The results of the measurements on the different datasets can be seen in Fig. 4, the average of used memory during the eight (8) executions and obtained after the transformation of the data into cells in the micro-batch method are lower compared to the Batch method.

Fig. 4.
figure 4

Average of used memory space by cells

4 Conclusions

In this paper, a method that processes data streams for dynamic clustering of vehicular GPS trajectories has been proposed.

The proposed method receives a data stream, then by means of a buffer memory and the creation of cells with indexes it processes the stream that will be analyzed by a dynamic clustering technique; in order to do this, the trajectory information has been represented in cells and the clustering of cells by the speed dimension has been performed.

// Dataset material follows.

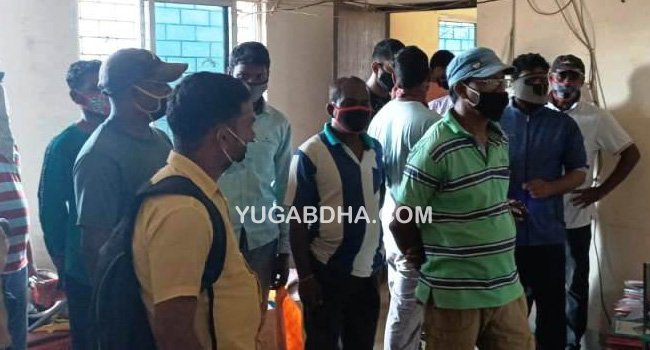 ବକେୟା ଅର୍ଥ ପ୍ରଦାନ ନ କରି ପଳାଉଥିବାବେଳେ ଶ୍ରମିକ ଓ ଠିକାଦାର ଘେରିଲେ ଟିପିଏଲ କାର୍ଯ୍ୟାଳୟ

Finally, the results of the clustering cells are visualized in interactive maps that allow observing the different groups, identifying common speeds at different time instants, which allows making decisions regarding the traffic of a city.

The execution time, the Silhouette coefficient, and the used memory were measured; the results are favorable for the proposed method. As lines of future work, it is proposed to analyze the implementation of the method using a platform for real-time processing and for distributed data processing through a parallel processing architecture.

Compared to traditional methods, the proposed method has advantages such as low memory consumption, low processing times, high quality clustering, the results are displayed by cells which allows reflecting the traffic status in certain areas.

On the other hand, among the disadvantages of the proposed method, it has been identified that the performance of the algorithm is relative to the amount of data being processed, the incorrect calibration of initial parameters can affect the quality of the results, and the method requires historical information, that is, for a certain number of minutes before showing optimal groupings.